_Data excerpts:_
[Start of section]
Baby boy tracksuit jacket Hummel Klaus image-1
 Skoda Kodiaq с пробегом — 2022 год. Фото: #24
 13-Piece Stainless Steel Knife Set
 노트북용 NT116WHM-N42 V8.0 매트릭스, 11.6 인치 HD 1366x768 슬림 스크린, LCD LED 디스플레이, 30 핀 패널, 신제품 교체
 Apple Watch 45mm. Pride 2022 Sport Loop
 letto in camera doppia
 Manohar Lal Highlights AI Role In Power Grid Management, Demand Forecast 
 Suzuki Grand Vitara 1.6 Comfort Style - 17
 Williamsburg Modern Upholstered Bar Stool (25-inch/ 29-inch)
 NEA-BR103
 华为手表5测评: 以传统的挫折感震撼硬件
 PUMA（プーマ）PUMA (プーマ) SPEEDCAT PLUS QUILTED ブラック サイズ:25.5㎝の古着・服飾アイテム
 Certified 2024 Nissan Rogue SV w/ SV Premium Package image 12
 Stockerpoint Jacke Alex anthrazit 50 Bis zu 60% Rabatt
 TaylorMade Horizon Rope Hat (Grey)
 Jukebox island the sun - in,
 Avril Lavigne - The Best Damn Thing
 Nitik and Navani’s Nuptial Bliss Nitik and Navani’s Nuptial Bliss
[End of section]
_Problem:_ Retype the records above in full, with no differences.

_Answer area:_
Baby boy tracksuit jacket Hummel Klaus image-1
 Skoda Kodiaq с пробегом — 2022 год. Фото: #24
 13-Piece Stainless Steel Knife Set
 노트북용 NT116WHM-N42 V8.0 매트릭스, 11.6 인치 HD 1366x768 슬림 스크린, LCD LED 디스플레이, 30 핀 패널, 신제품 교체
 Apple Watch 45mm. Pride 2022 Sport Loop
 letto in camera doppia
 Manohar Lal Highlights AI Role In Power Grid Management, Demand Forecast 
 Suzuki Grand Vitara 1.6 Comfort Style - 17
 Williamsburg Modern Upholstered Bar Stool (25-inch/ 29-inch)
 NEA-BR103
 华为手表5测评: 以传统的挫折感震撼硬件
 PUMA（プーマ）PUMA (プーマ) SPEEDCAT PLUS QUILTED ブラック サイズ:25.5㎝の古着・服飾アイテム
 Certified 2024 Nissan Rogue SV w/ SV Premium Package image 12
 Stockerpoint Jacke Alex anthrazit 50 Bis zu 60% Rabatt
 TaylorMade Horizon Rope Hat (Grey)
 Jukebox island the sun - in,
 Avril Lavigne - The Best Damn Thing
 Nitik and Navani’s Nuptial Bliss Nitik and Navani’s Nuptial Bliss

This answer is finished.